Home > Other > The Crusade of the Excelsior > Page 13
The Crusade of the Excelsior Page 13

by Harte, Bret


  "Help!" cried the young man, springing after him, "It is madness. He will kill himself!"

  The water was shallow, they were both wading, they both reached the boat at the same time; but the Captain had scrambled into the stern-sheets, and cast loose the painter, as Hurlstone once more threw his arms about him.

  "Hear me, Captain. I'll go with you. Listen! I know the way through the fog. You understand: I'll pilot you!" He was desperate, but no longer from despair of himself, but of another; he was reckless, but only to save a madman from the fate that but a moment before he had chosen for himself.

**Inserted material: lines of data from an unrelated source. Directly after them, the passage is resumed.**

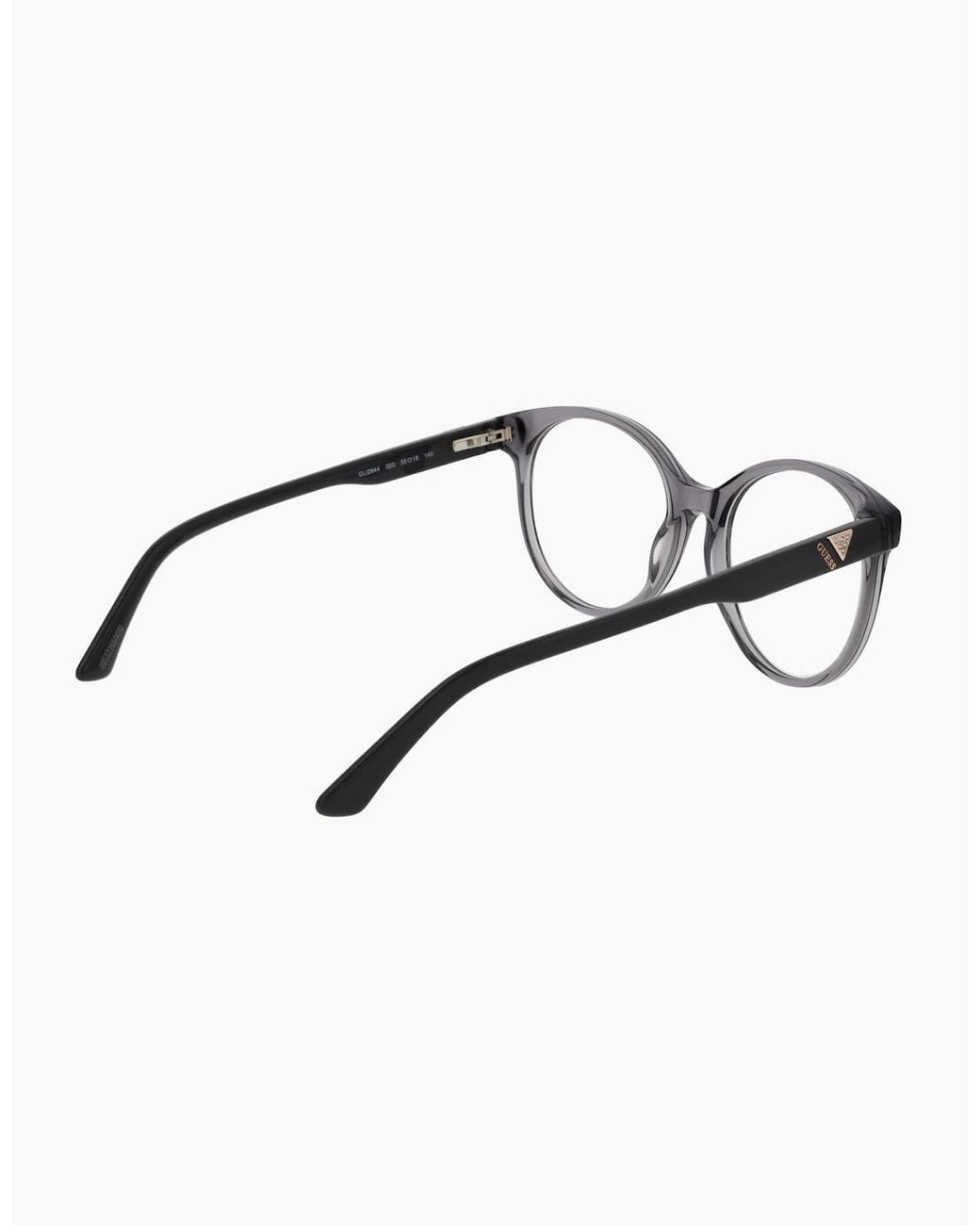 Guess Brown Optical Frame Gu2944 020 55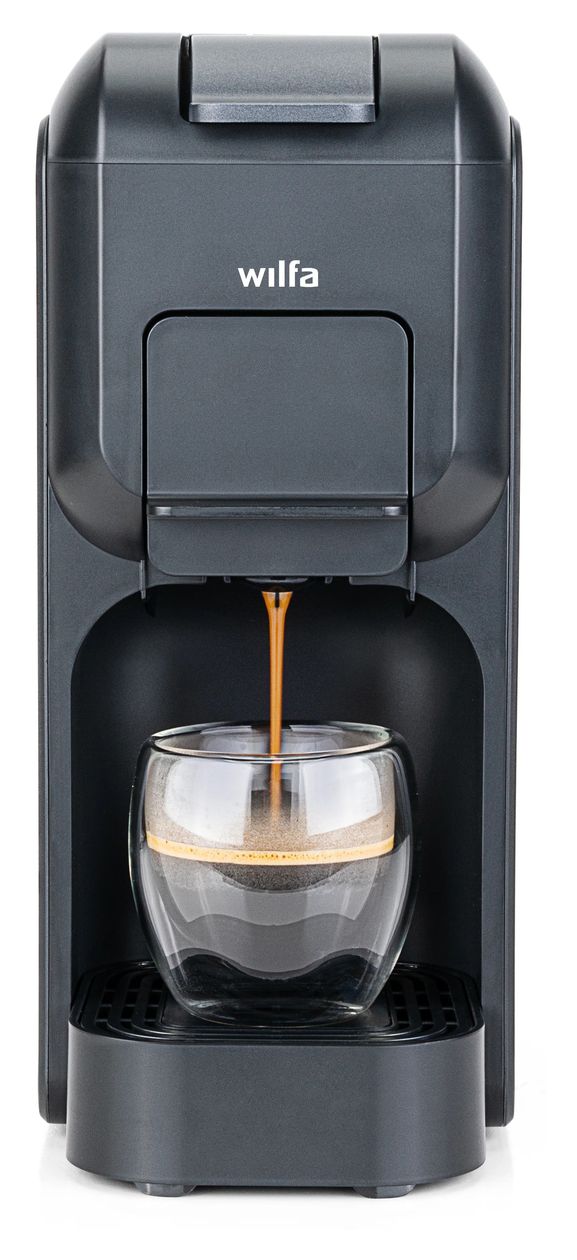 EMCA-15NT Filterkaffeeadapter  Kaffeefilter  (Schwarz) 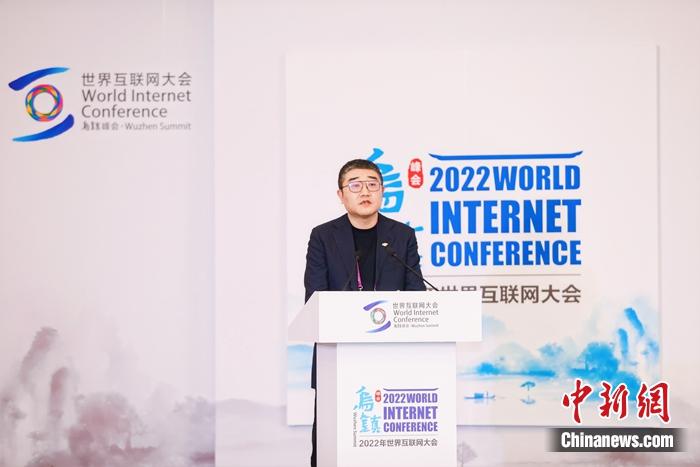 京東集團(tuán)CEO徐雷。供圖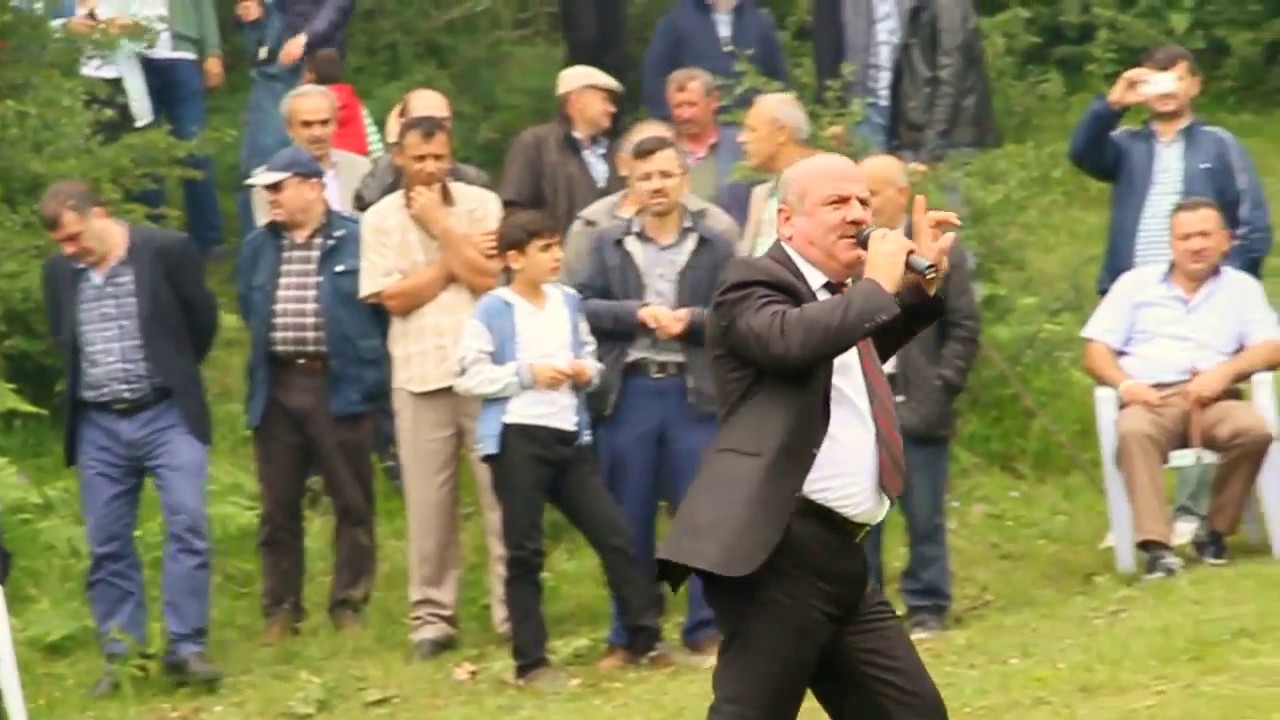 Baydarlı kasabası festivali 2016- Davut ŞAHİN [HD]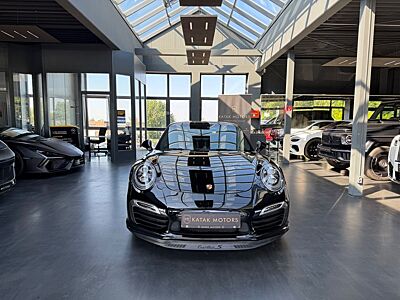 Porsche 992 Turbo S/LIFT/CARBON/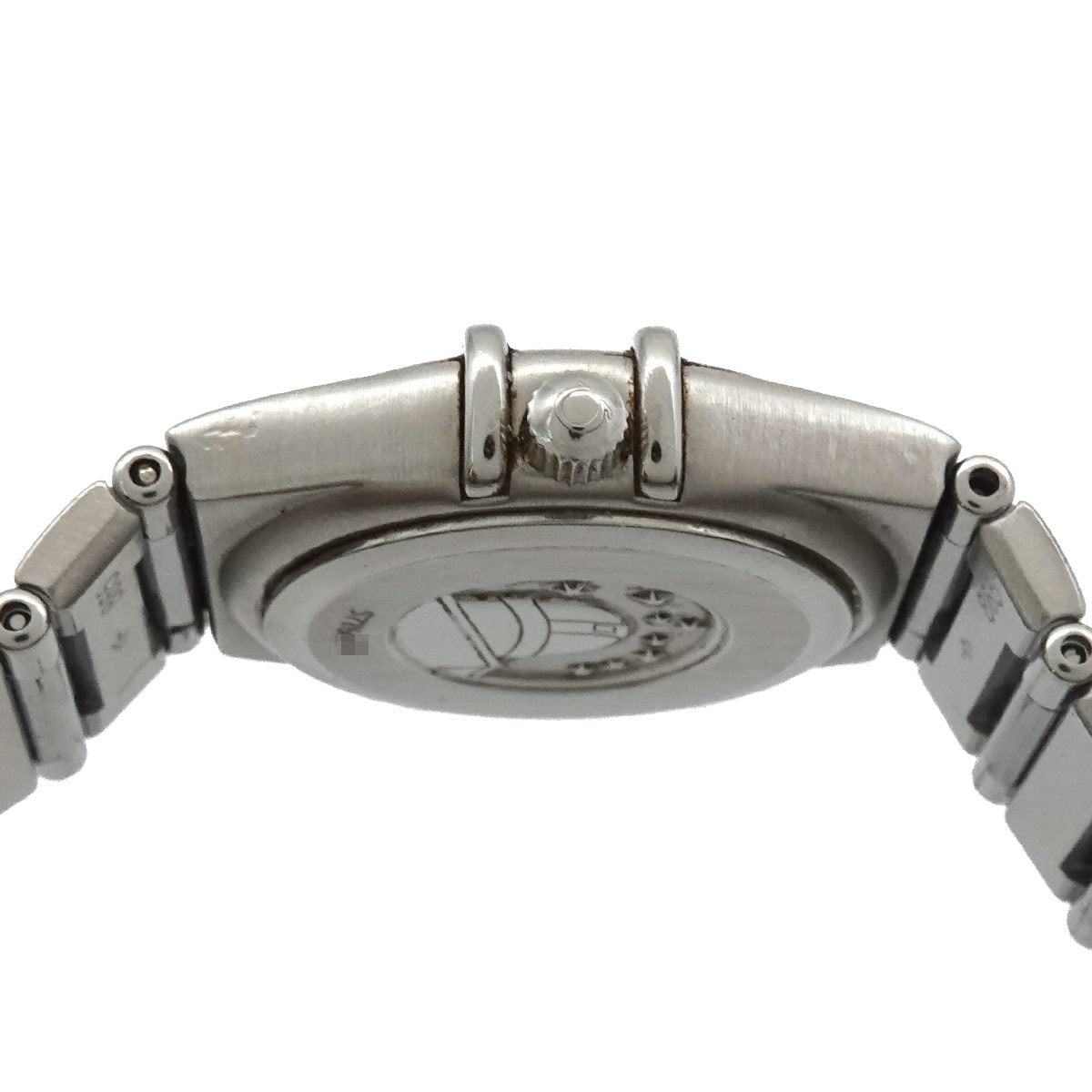 Constellation Mini 1562 30 Silver Dial Quartz Ladies Watch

  Captain Bunker seemed to soften. "Get in for'ard," he said, in a lower voice. Hurlstone released his grasp, but still clinging to the boat, which had now drifted into deeper water, made his way to the bow. He was climbing over the thwarts when a horrified cry from the fisherman ashore and a jarring laugh in his ear caused him to look up. But not in time to save himself! The treacherous maniac had suddenly launched a blow from an oar at the unsuspecting man as he was rising to his knees. It missed his head, but fell upon his arm and shoulder, precipitating him violently into the sea.

  Stunned by the shock, he sank at first like lead to the bottom. When he rose again, with his returning consciousness, he could see that Captain Bunker had already hoisted sail, and, with the assistance of his oars, was rapidly increasing his distance from the shore. With his returning desperation he turned to strike out after him, but groaned as his one arm sank powerless to his side. A few strokes showed him the madness of the attempt; a few more convinced him that he himself could barely return to the shore. A sudden torpor had taken possession of him—he was sinking!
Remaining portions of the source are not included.